B’Elanna growled in her throat, but eventually declared, “First off, he was being an idiot-”

“And we both know how well you suffer fools,” Tyvaa muttered.

“He told me my solution would cause an overload! He looked at me like I was an _idiot_ , Tyvaa. Realigning the conduits had a _small chance_ of causing an overload, and even if they did, that engine room has the safety features to handle it,” B’Elanna snorted derisively, but there was a faint smile on her face as she continued, “Like I’d ruin the best engine room this side of _anywhere_ by suggesting something that I wasn’t sure would work.”

Tyvaa sank into the small sofa and watched B’Elanna pace. The engineer was condemning Carey with derision now, describing what kind of idiot he must be for disagreeing with her and getting offended about it. After spending a year on the _Val Jean_ with B’Elanna, Tyvaa had learned that waiting out B’Elanna’s temper was the course with the least bloodshed. She let her crewmate rant, nodded along when she felt she was supposed to, and briefly considered getting a drink from the replicator for the wait. However, the doorbell chimed brightly, diverting Tyvaa from her angry roommate.

“I’ll get it,” Tyvaa volunteered, only to be summarily ignored by B’Elanna.

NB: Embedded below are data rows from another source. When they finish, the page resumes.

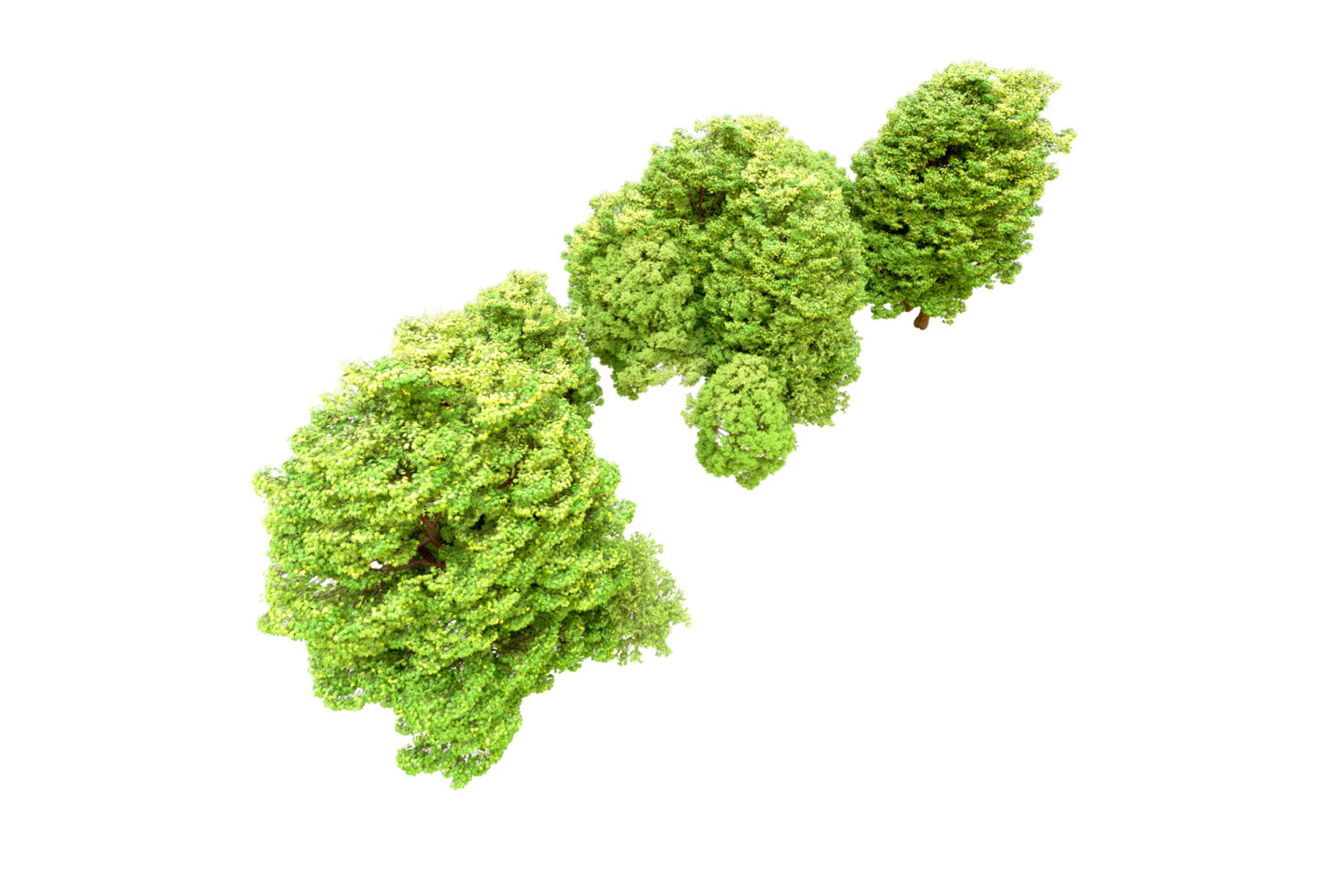 Green forest isolated on background. 3d rendering - illustration png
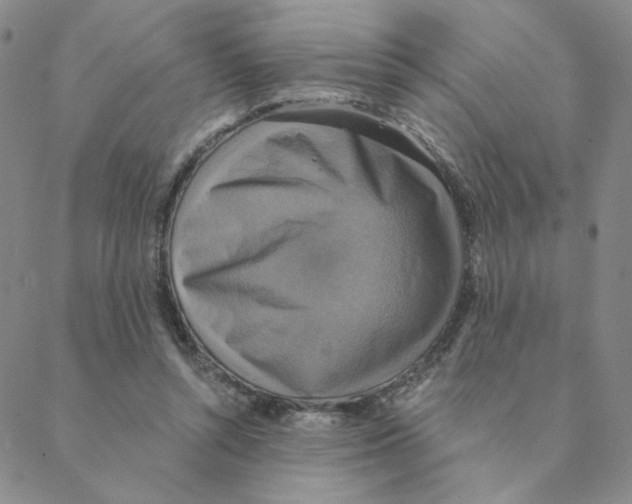 X0000088390352200706191338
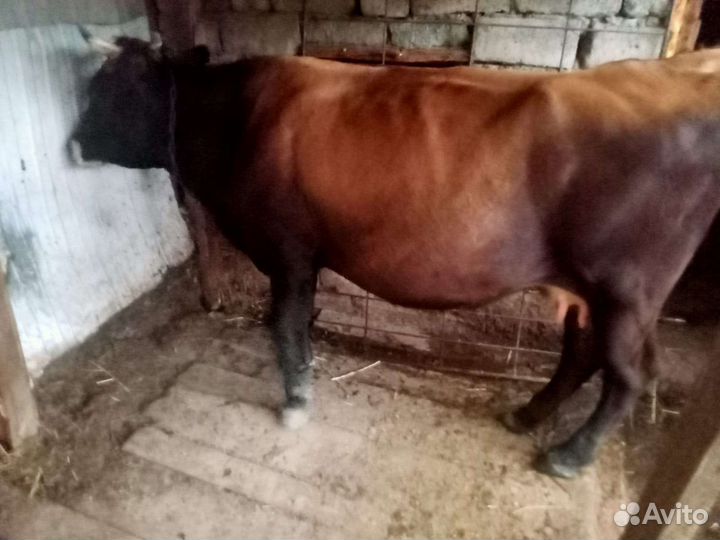 Корова и теленок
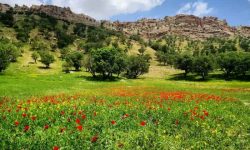 تولید ۲۴۱ میلیون اصله نهال در نهالستان‌های دولتی و غیردولتی کشور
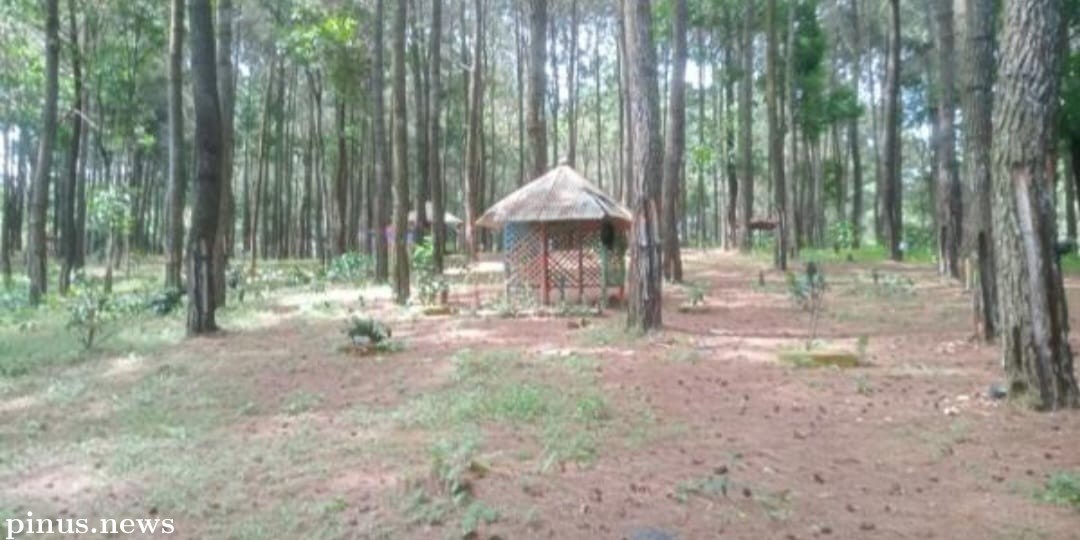 Wisata Hutan Pinus Patrol Valley Cibinong Cianjur, Udaranya Sejuk Segar, Indah Dinikmati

In her rage, the pacing Klingon threw a dish at the door just as it opened. Chakotay, who narrowly avoided the bowl, didn’t spare the shattered pottery one glance as he walked into their quarters, nor did he seem fazed when B’Elanna resumed her snarling.

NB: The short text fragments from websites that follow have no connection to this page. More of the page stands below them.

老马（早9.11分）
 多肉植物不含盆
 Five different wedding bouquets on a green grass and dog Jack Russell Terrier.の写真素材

Chakotay held out a PADD to her. “Here.”

“What’s this?” B’Elanna demanded.

“The medical report on Lieutenant Carey.”

B’Elanna refused the report, and instead launched once more into her opinions about the Engineering lieutenant. Tyvaa took the PADD from Chakotay’s hands while he attempted to set B’Elanna straight. As she skimmed, Tyvaa was surprised at the way the report flowed. She could practically hear the Doctor’s exasperation pouring off the words, and it didn’t read like a computer wrote it, all perfectly complete sentences and bullet-point paragraphs.

“I don’t need support from anybody,” B’Elanna sulked.

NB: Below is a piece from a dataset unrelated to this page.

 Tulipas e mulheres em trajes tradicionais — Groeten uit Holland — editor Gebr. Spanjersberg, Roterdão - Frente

“You are if you’re going to be Chief Engineer on this ship,” declared Chakotay.

Tyvaa’s head snapped up from the PADD and B’Elanna stilled. While Chakotay was certainly clever enough and had enough pull to suggest a coup, that simply wasn’t his style.

B’Elanna scoffed. “Right.”

“Chakotay,” Tyvaa spoke slowly, “What are you saying?”

“Carey is next in line for the spot, anyway,” added B’Elanna.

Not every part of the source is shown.